PALEOFOOD Archives

Paleolithic Eating Support List

PALEOFOOD@LISTSERV.ICORS.ORG

Options: Use Forum View

Use Monospaced Font
Show Text Part by Default
Show All Mail Headers

Message: [<< First] [< Prev] [Next >] [Last >>]
Topic: [<< First] [< Prev] [Next >] [Last >>]
Author: [<< First] [< Prev] [Next >] [Last >>]

Print Reply
Subject:
From:
Ashley Moran <[log in to unmask]>
Reply To:
Paleolithic Eating Support List <[log in to unmask]>
Date:
Tue, 6 Jul 2004 23:52:13 +0100
Content-Type:
text/plain
Parts/Attachments:
text/plain (86 lines)
Ray, thanks for your detailed posts on this, it's clarified a lot.  But
I'm still puzzled by a few things (mainly because I know nothing about
the timescale of human evolution or climate change) if you have time to
explain them.

On Jul 05, 2004, at 11:39 pm, Ray Audette wrote:
> Modern domestic animals get the gene for storing fat from the
> Pleistocene
> Megafauna that they are the sad remants of ( as are we ).  Any
> creature that
> could survive an Ice Age winter needed large fat deposits.  Humans
> living in
> what are now near-tropical regions (then permafrost) would encounter
> such
> animals in such large herds that finding fresh carcases would be an
> everyday
> occurence ( just follow the vultures you future falconers).

Does this mean that humans were once much fatter than we are today, or
that we survived by eating regular high-fat foods?  Aside from the
Innuit, we seem a pretty lean species.  I have, though, often wondered
why people struggle to go without meat for more than a day (although I
have never really put myself to the test).  I always assumed that we
evolved to live off big but infrequent kills (as some African tribes do
today).  If mammoth carcasses were really so common, I'm surprised that
early humans weren't obese by our standards, given how easy it seems to
overeat on fat.  I must be missing something.

> Just as a bison harvested in fall provides enough fat to render most
> of the red
> meat into Pemmican ( 80% or more saturated fat),  so a mammoth would
> provide even
> more - perhaps as much as a ton.

Are you saying that humans have been preserving food for many thousands
of years?  (Indeed, is this where our taste for salt comes from?)
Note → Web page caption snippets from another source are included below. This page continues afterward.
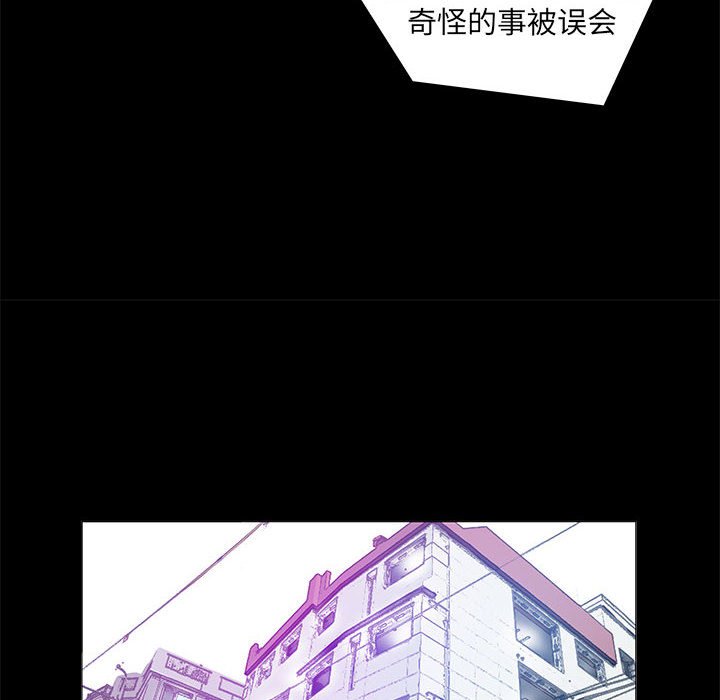 第2话 第 66 页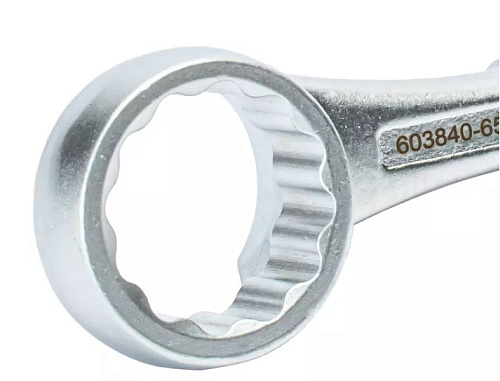 Ключ накидной односторонний 65 изогнутый усиленный GARWIN Ключ накидной односторонний 65 изогнутый усиленный GARWIN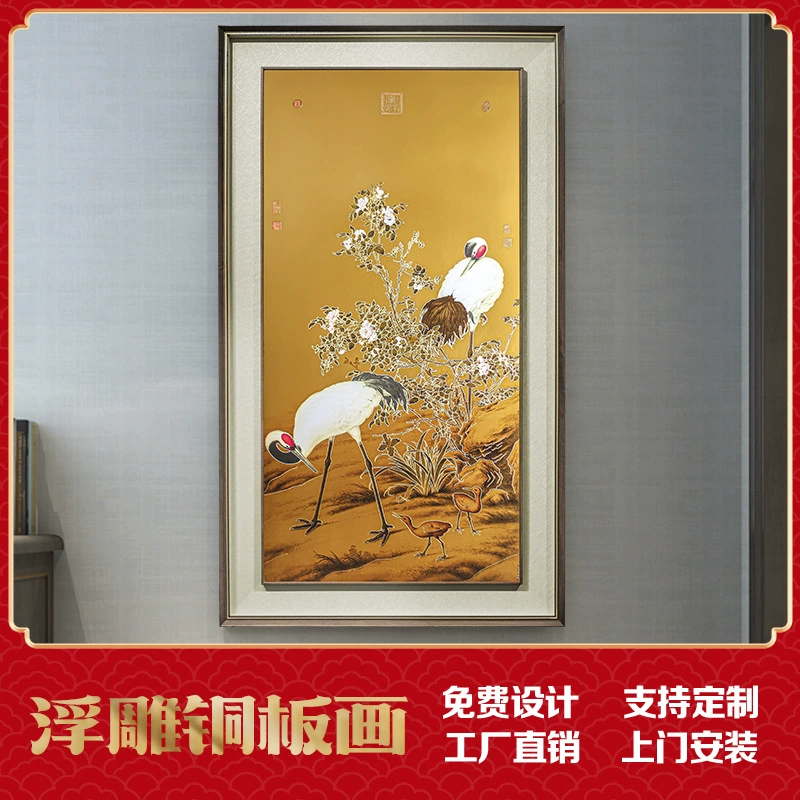 Прямые продажи с фабрики Новая китайская декоративная живопись Гостиная Кабинет Прихожая Lang Shining подвесная картина «Цветочный оттенок двойной кран» роспись медной пластины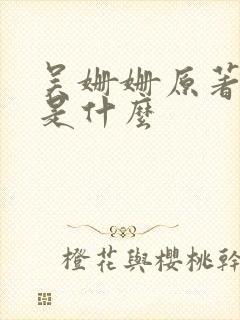 吴姗姗原著结局是什么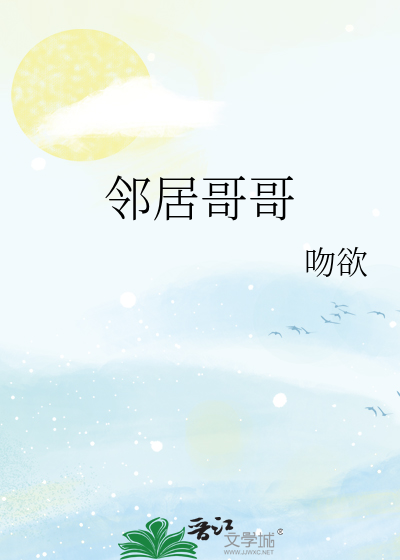 鄰居哥哥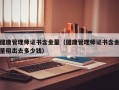 健康管理师证书含金量（健康管理师证书含金量租出去多少钱）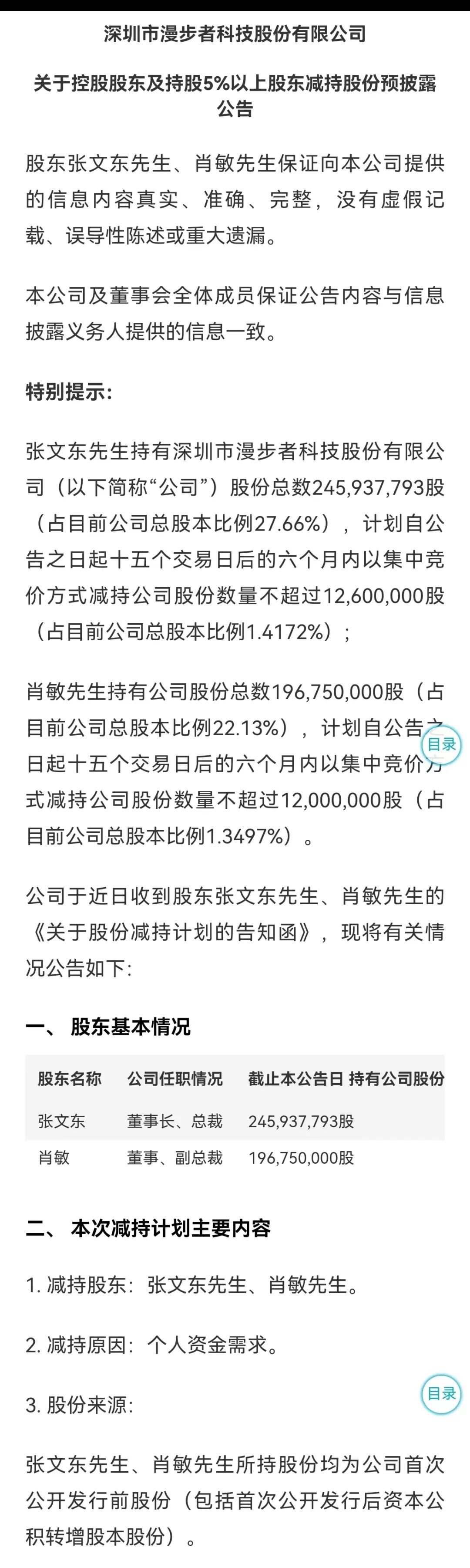 6萬(wàn)多股民懵了！AI大牛股突發(fā)利空 一二當(dāng)家“要跑”！股吧炸鍋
> The lean wild animals we find today are a result of our warmer climate.
> They were of little consequence for most of our existence.
> The wild remants of Pleistocene Megafauna live mostly in Arctic regions
> where the traditional people who live there enjoy the highest
> saturated fat
> diet of any people known.  Camels, lamas,cows, pigs, sheep, horses and
> other
> domestic animals all have their origins in Pleistocene Megafauna.  They
> could not survive our current climate without us - or us them as
> symbiosis
> always involves mutual dependence.

I have to confess I don't understand this at all.  Cows seem quite
happy to eat grass all day long with no interference from humans.  I
see how we benefit from these lean animals (we eat them) but not how
they benefit from us.

> Loren Cordain has commented about this on the paleodiet list and to me
> privately.  But for the inherent deficiencies in Omega 3 fatty acids
> found
> in commercial animal fats, his views on saturated fats, I feel, have
> softened.

This is what has caught my eye the most.  I have been feeling for a
while that I need to eat more fat, but I am reluctant to because of the
poor quality of domestic meat.  Has the saturated fat been a classic
case of misinterpreted correlation- ie, do we observe people eating
high amounts of saturated fat getting ill actually because they are
also eating only small amounts of omega-3 fats?  I eat wild salmon when
it's on sale, but no more than once a week.  I don't want to stuff
myself full of walnuts the rest of the time hoping it will compensate
for the obese cows and pigs I eat.

> Although hominids evolved in tropical areas, humans are temperate
> animals
> ( megafauna hominids).  This is evidenced by our lack of immunities to
> tropical diseases tolerated by tropical primates such as Herpes B and
> HIV
> and parasites such as malaria and tetse fly.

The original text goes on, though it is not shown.